Introducing recls Mappings

Have you ever wished that STL member function adaptors like mem_fun or mem_fun_ref would like you invoke a method of a class of your choice?


January 01, 2004
URL:http://www.drdobbs.com/introducing-recls-mappings/184401749

In the November column, I introduced you to recls, a platform-independent library that provides recursive filesystem searching. Hopefully, you've downloaded and used Version 1.0 (http://www.cuj.com/code/ or http://recls.org/). In addition to providing a single API for use from C/C++, the library also provides mappings to different languages and technologies. These mappings form the main focus of this column for the next few installments.

This month, I introduce the first three mappings. The C++ wrapper classes mapping was included in the library's 1.0 release. The other two mappings are C++ STL and C#. Together, these make up Version 1.1 of the library.

Building recls

My intention is for recls to be as standalone as possible (except for system and mapping-related libraries), with the proviso that it relies on the STLSoft libraries. Specifically, the code requires Version 1.6.5 (or later) of the STLSoft libraries (http://stlsoft.org/downloads.html and http://recls.org/). The makefiles also require that you define an environment variable STLSOFT_INCLUDE to refer to the absolute path of the directory in which the STLSoft library files reside. As the author of both libraries, I assure you that they work together. And since the raison d'etre of the recls project (and this column) is to learn about language integration, it seems a reasonable shortcut to what would be a daunting coding task. The STLSoft code is almost entirely used within the recls implementation, and does not form part of the public interface. Other than that, it only appears in the C++ STL mapping.

There are new STLSoft components that have not made it into a distribution but are used within the implementation of recls 1.1. (At this writing, the planned release of STLSoft 1.7.1 is months away, lurking behind too many commitments.) These files are, therefore, included in the recls 1.1 archive and in a patch available from the STLSoft and recls web sites. Once installed, you should have no problems. Let me know if you find any and I'll post updates to the recls web site.

I'm providing makefiles for all of the supported compilers, and some IDDE project files (initially Visual Studio 98), but you have to handle your own static/dynamic-library builds and such. Naturally, I'll respond to bugs in the recls source and try to help where I can. However, the only IDDE I'm anything like expert in is Visual Studio 98, so you're largely on your own. But if you want to create project files and submit them, I'll happily post them on the web site for others.

recls Improvements

There are a few changes to the core library between Versions 1.0 and 1.1. The obvious difference is that there are two new functions:

I've also amended how return codes are defined.

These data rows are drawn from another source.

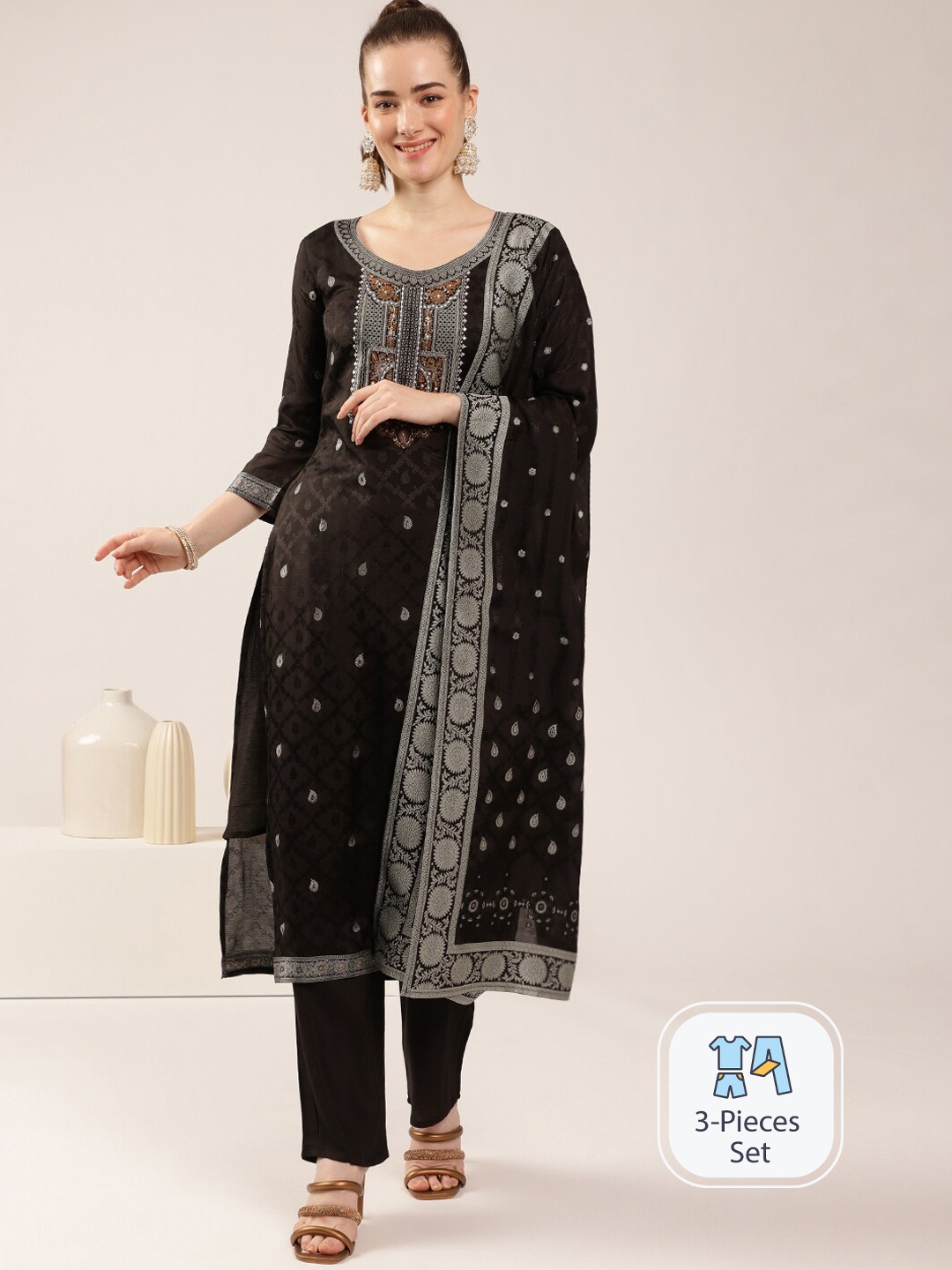 

DRESOUL Women Black Ethnic Motifs Regular Kurta with Pyjamas & With Dupatta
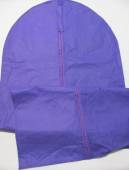 více - 1802 Obal na oblek z netkané textilie fialový, na zip   60 x 130cm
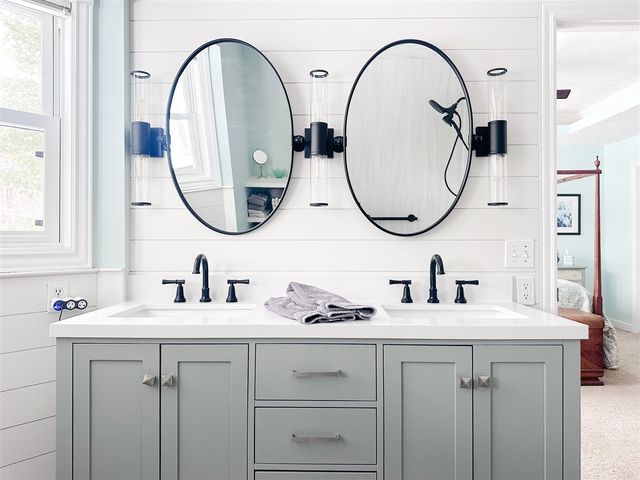 15401 Sundew Street, Grand Haven, MI 49417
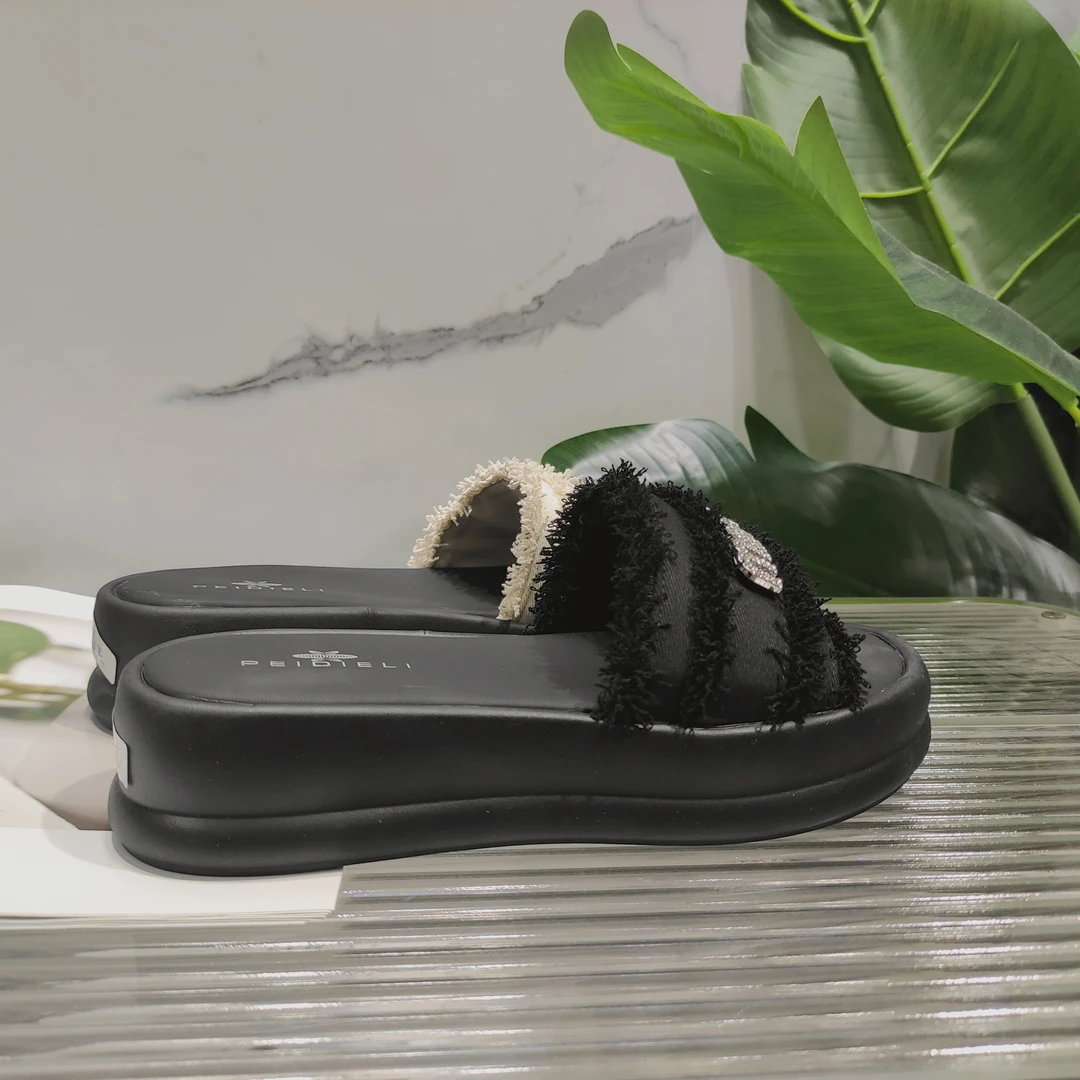 时尚新款水钻平底法式女夏外穿网红一字拖鞋150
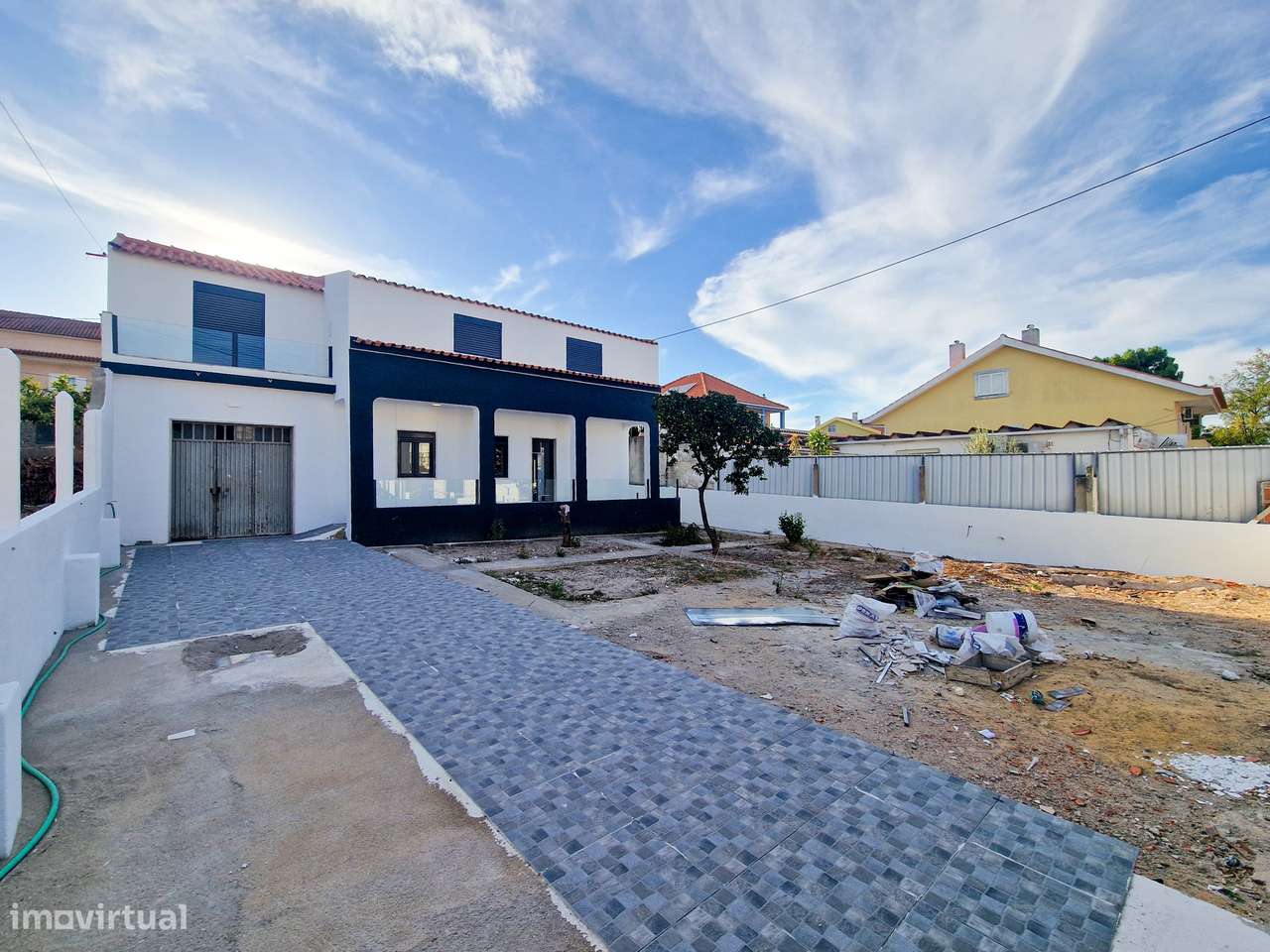 Moradia 4 ass. totalmente remodelada - possibilidade de quarto no r/c-41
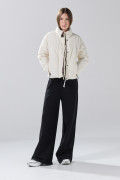 Chaqueta acolchada crop unicolor con cuello alto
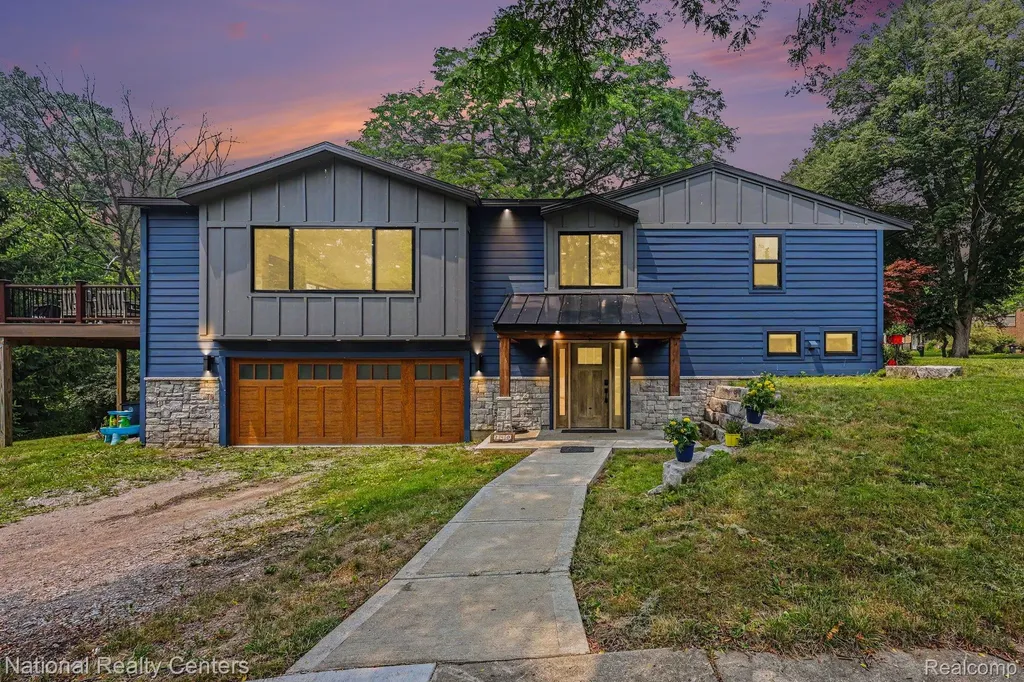 290 Larkspur Street Ann Arbor City MI 48105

They were formerly defined as:

#define RECLS_RC_NO_MORE_DATA   
             ((recls_rc_t)(-1 - 1003))

but because the recls_rc_t type is defined within the recls namespace, C++ client code that might reference the return code but not have used the type (whether by nice using declarations, or naughty using directives) would not compile. I've fixed this by defining the return code via a macro, as in:

#if !defined(RECLS_NO_NAMESPACE)
# define RECLS_QUAL(x)          ::recls::x
#else
# define RECLS_QUAL(x)          x
#endif /* !RECLS_NO_NAMESPACE */
 ...
#define RECLS_RC_NO_MORE_DATA 
      ((RECLS_QUAL(recls_rc_t))(-1 - 1003))

This works fine with both C and C++ compilation. (Of course, I should probably make it an enum, but it's worth pointing out this technique, which is useful for functions and types shared between C and C++.)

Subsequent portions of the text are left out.